足元すら怪しい暗さであるが、僅かな光によって作り出される影が妖しく室内を飾っているのを見るに意図的に照明の数を減らしているのであろう。


 カウンターの向こう、魔王によく似た男の背後には見たこともない多種多様な酒瓶が並んでいる。。そのほとんどは、未知の言語で書かれたラベルが張り付けてある。


 今まで、さまざまなスピークイージーを見てきたがこんな奇妙な店は初めてだった。



「彼、バーに来るのは初めてなの」



「おや、もしかして彼が……?」



「そう、例のお友達」



 ……察するに、遊び人はここの常連らしい。時折、魔王探索とは別に一人で千鳥足テレポートで飛んでいくことがあったが、ここに来ていたのだろうか。
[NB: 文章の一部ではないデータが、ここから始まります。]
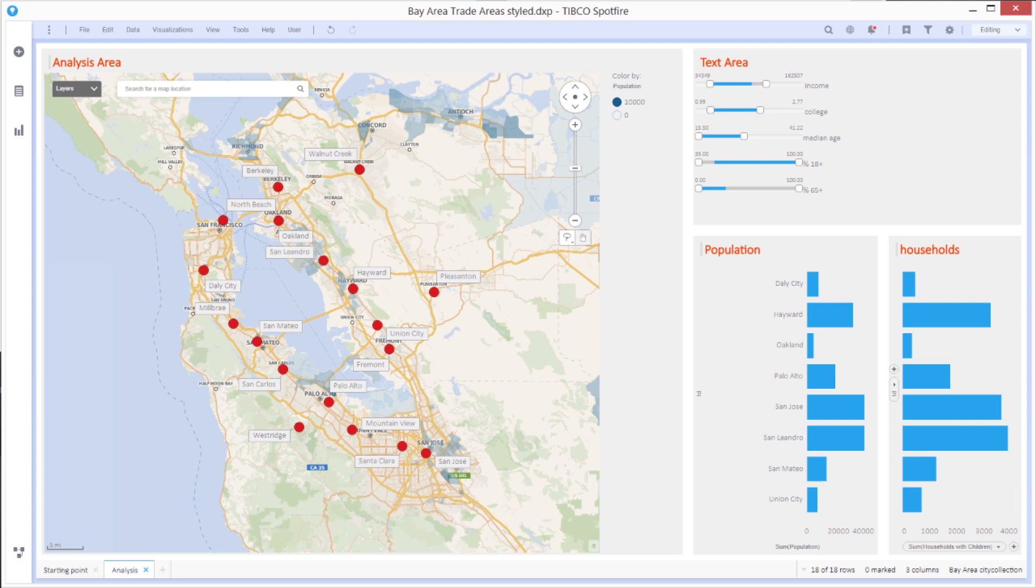So that's a short walkthrough of one example of a geospatial analysis using Spotfire 10 with some data functions.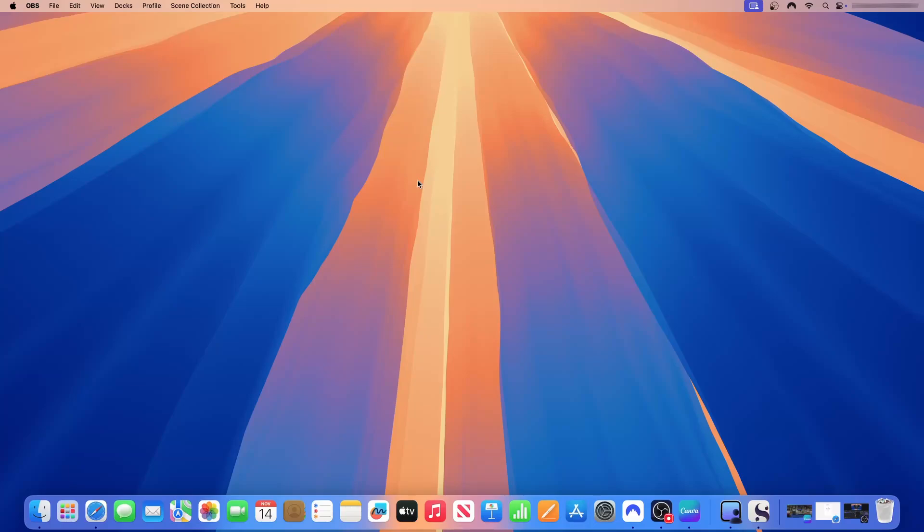Hi everyone, welcome back to the channel. In today's video I'm going to show you how to download and install DaVinci Studio on Mac Mini. DaVinci Studio is the paid version of DaVinci Resolve. The free version does a great job. All of the videos that I've posted on the channel have been edited using DaVinci.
 店の主人との親し気な具合が実に腹立たしいが、年齢的には爺さんと孫ぐらいだろうか。恋仲というわけではないだろう。

 


 だが、それでも俺の知らない彼女を『マスター』が知っている様子にどうも嫉妬を禁じ得ない。



「そうでしたか。それでしたら、何か飲みやすいものでも如何でしょうか」



「俺を舐めるなよ。何か強い奴をくれ」



 妬みからくる敵意むき出しな俺に、遊び人からの抗議の視線が届く。が、俺は気づいていないふりをする。



「それでは、スクリュードライバーでもお作りしましょう。少し強めに致しますね」


「二杯目からは、さらにお好みに沿うようにお作りできるかと思います」



 マスターの『作る』という言葉に、俺の頭上に再び疑問符が浮かび上がった。酒を『出す』ではなく『作る』とマスターは言った。ここは、酷く狭い店に見えるが裏に醸造所でも兼ね備えているのだろうか。



「遊び人、ここは醸造所なのか? スピークイージーかとも思ったが、店主は酒を造ると言ったぞ?」



「ああ、ごめんね。説明不足だったわね。ここはカクテルバー」



「酒や果汁なんかを混ぜてつくる、カクテルを飲ませる店よ」



 いい加減、俺の問いかけに一つにくらい答えてくれないだろうかという淡い願いを込めた質問に。


 彼女は素っ気なくも、ようやく一つ答えを返してくれた。